(Caption-style text data)
>>
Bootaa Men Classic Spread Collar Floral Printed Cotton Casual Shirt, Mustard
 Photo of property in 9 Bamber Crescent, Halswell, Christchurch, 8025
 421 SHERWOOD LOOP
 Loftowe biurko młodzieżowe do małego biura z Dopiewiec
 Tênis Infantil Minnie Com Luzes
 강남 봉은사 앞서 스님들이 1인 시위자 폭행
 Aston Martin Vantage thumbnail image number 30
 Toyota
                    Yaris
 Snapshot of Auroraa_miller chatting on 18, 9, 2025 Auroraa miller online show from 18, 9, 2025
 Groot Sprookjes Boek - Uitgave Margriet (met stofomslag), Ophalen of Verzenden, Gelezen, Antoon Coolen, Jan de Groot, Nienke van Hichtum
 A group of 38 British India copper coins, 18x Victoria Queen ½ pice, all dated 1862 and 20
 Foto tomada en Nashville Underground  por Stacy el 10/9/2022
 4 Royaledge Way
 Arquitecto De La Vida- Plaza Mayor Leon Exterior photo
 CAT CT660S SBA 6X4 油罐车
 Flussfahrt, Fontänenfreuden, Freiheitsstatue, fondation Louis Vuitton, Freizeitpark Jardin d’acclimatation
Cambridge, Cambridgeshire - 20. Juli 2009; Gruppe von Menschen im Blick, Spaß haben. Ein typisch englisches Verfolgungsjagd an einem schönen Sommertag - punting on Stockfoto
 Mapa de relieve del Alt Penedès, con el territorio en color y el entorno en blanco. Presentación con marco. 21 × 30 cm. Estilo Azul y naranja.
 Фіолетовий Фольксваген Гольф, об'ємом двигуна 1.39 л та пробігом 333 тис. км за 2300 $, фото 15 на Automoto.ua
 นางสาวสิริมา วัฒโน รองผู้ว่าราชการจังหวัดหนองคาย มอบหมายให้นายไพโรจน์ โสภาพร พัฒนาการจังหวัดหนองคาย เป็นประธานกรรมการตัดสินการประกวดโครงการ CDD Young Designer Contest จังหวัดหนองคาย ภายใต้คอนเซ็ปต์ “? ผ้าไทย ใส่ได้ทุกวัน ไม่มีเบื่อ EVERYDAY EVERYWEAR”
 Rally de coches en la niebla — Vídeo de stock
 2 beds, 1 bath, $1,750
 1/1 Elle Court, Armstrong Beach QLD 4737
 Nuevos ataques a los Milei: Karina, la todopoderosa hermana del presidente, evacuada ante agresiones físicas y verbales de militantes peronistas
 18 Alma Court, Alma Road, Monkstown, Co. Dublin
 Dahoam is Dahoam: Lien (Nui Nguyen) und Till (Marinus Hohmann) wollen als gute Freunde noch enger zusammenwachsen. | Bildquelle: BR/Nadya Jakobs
<<
Write out the lines above, starting at the line that contains "1/1 Elle Court, Armstrong Beach QLD 4737" and ending with the final line, and nothing else; copy them exactly.

# TASK OUTPUT
 1/1 Elle Court, Armstrong Beach QLD 4737
 Nuevos ataques a los Milei: Karina, la todopoderosa hermana del presidente, evacuada ante agresiones físicas y verbales de militantes peronistas
 18 Alma Court, Alma Road, Monkstown, Co. Dublin
 Dahoam is Dahoam: Lien (Nui Nguyen) und Till (Marinus Hohmann) wollen als gute Freunde noch enger zusammenwachsen. | Bildquelle: BR/Nadya Jakobs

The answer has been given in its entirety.